Happy Birthday, Mom!
My mother was born in 1914 so she would have been 100 years old this July (or June). For almost all her life, she celebrated her birthday on July 15 but late in life, when she was going through some papers, she found that she was actually born on June 14. Close enough. She lived only 78 years.
She didn’t win any awards for being a great mother. She was critical, at times unaffectionate, and often seemingly disinterested in the lives of her two daughters. She was demanding when it came to appearances: hairstyles, clothing, and, later, your chosen profession and how you chose to live your life came under her severe scrutiny. My unmarried sister, who was Advertising Manager of Screw Magazine (a weekly “porn”

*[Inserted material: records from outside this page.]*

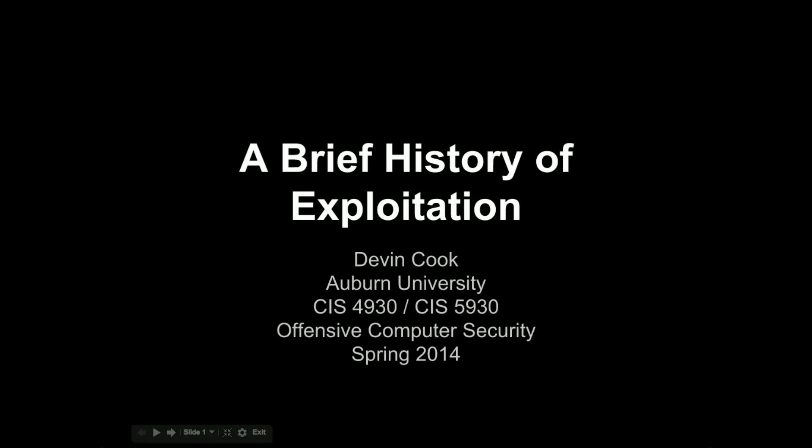Originally, Owen had wanted me to come and talk about ROP. I watched his video from last week and it sounded like he did a pretty good job. So what I decided to do was to give you more like a brief overview, then we'll hit on ROP again, and then we'll talk about what's coming up next as well. My name is Devin Cook. I'm a PhD student at Auburn and hoping to finish up this summer — maybe, we'll see if I can get all my research done.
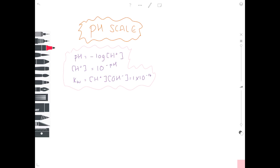The great thing about the pH scale is that it shows you a comparison between how acidic or alkaline things are. Hydrogen ion concentration is so incredibly small — we're always talking about values like 1 times 10 to the minus something — so it's very hard to make comparisons. The pH scale scales these up to numbers that we can understand.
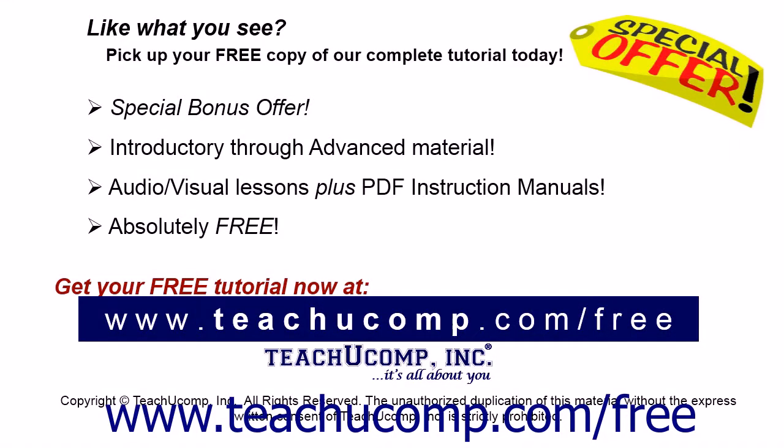Like what you see? Pick up your free copy of the complete tutorial at www.teachucomp.com/free.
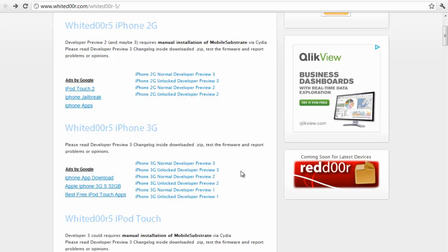Go onto iTunes, click on the tab with your iDevice, then hold the Shift key on PC. If you're using a Mac, hold the Option key. Hold that and click Restore, then browse for the file and run it. I also put a little guide in the description explaining how to do it.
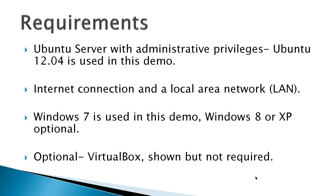Requirements: An Ubuntu server with administrative privileges, I'd recommend using Ubuntu 12.04. An internet connection and local area network, that's a LAN, where all the computers have the first three numbers that are all the same. They can find each other.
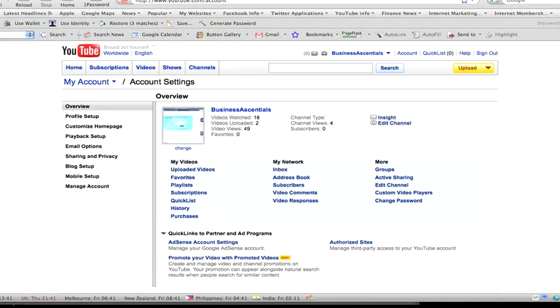Hi, I'm Andrew from Business Essentials. I'm just about to show you how to set up your channel on your YouTube account. There's a whole bunch of different stuff you can do. I'm just going to help you set up a quick basic channel.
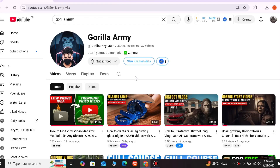Hello Gorilla Army, I hope you are all doing well. Today's video will be very fun and important because I will tell you about an AI tool where you can generate images, convert images to video, generate text to video, and create AI talking avatars. Before, you had to generate images from one website and convert them on another, which was a very long procedure. Today I will tell you about one website where you will find every kind of tool.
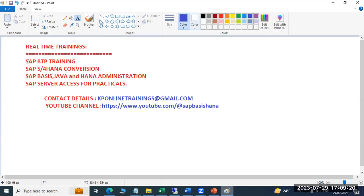If you need any server access for real-time practice, you can reach out to me on this email ID. This is my channel, so please subscribe and comment. Thank you everyone.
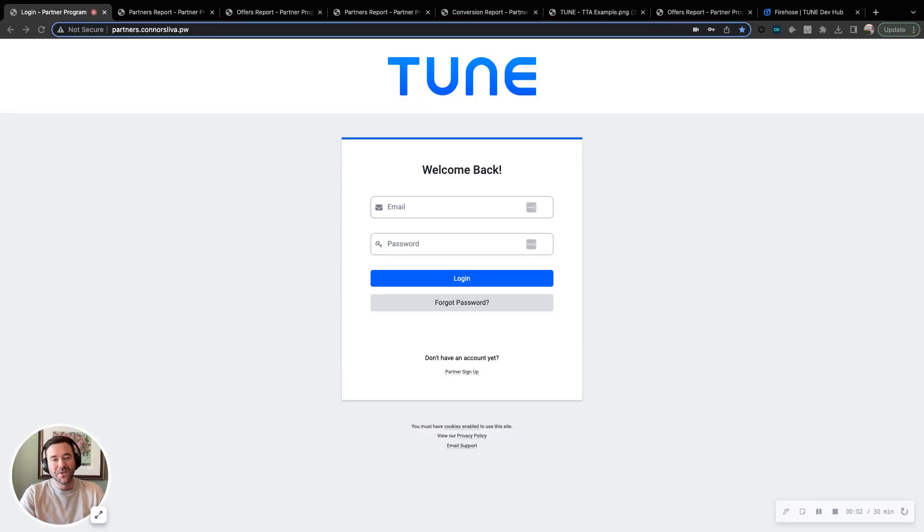Hey, this is Conor from Tune, and today I'll be talking about Tune's reporting suite and our business intelligence integrations.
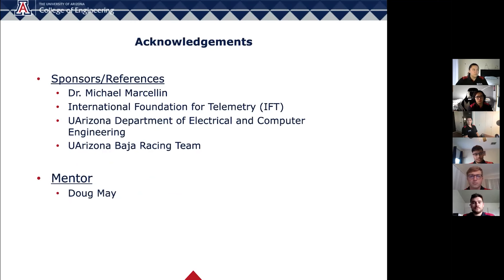We acknowledge and thank our sponsors, Dr. Michael Marcelin, and the UArizona Department of Electrical and Computer Engineering, as well as our mentor, Doug May, for their support for our project.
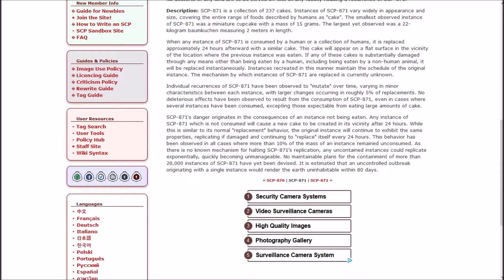871's danger originates in the consequences of an instance not being eaten. Any instance of 871 which is not consumed will cause a new cake to be created in its vicinity after 24 hours. While this is similar to its normal replacement behavior, the original instance will continue to exhibit the same properties, replicating if damaged and continuing to replace itself every 24 hours.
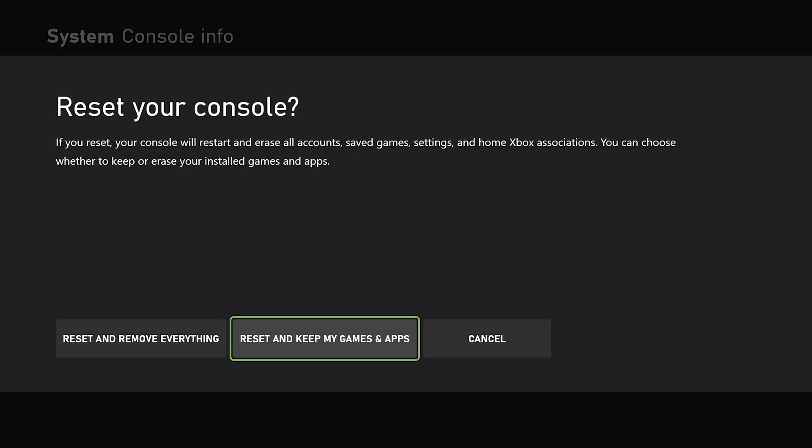Now, from what I've gathered, if you do reset but keep your games and apps, you still could be running into the same issues or problems you're having with your console. If you really want to do a full wipe, you need to go over to Reset and Remove Everything. And this should hopefully, fingers crossed, help you with any issues that you're having with your console.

tabloid) was looked at with disdain. My mother used to lie to her friends when they asked her what her older daughter did.
On the other hand, since I was married with two children and in the respectable profession of teacher (high school math teacher!) I was on her good list. It really didn’t matter about our characters or intent; she judged by outward appearances almost exclusively.
I learned many things from her but not how to have a loving relationship. I didn’t learn how to listen considerately to others or how to be compassionate. I learned to write Thank You notes for gifts; to speak my mind and to stand up for my rights; to care for my body by exercise, massage and beauty treatments. She modeled how to set an enticing table and how to prepare a good meal, how to serve well and be a good hostess.
From her, I get my youthful look (good genes!) and skin. My love of babies and enjoyment of reading. An appreciation of antiques and well-crafted clothing. She had many long-term friends; I now understand how important they are, especially when one reaches a certain age. She loved to play cards and mah jong. I play poker and Backgammon. She had a husband who was kindhearted, generous and thoughtful, qualities that I find in my own husband.
So, happy birthday to a unique woman; she worked out of the house from the 1950’s until she retired; she was, according to many of her friends, the “life of the party”, and she had two daughters who were successful in their careers and lived good lives. She wasn’t the best mother I ever met; but she was the one I had and I sometimes miss having her in my life just to tell her what’s new in mine.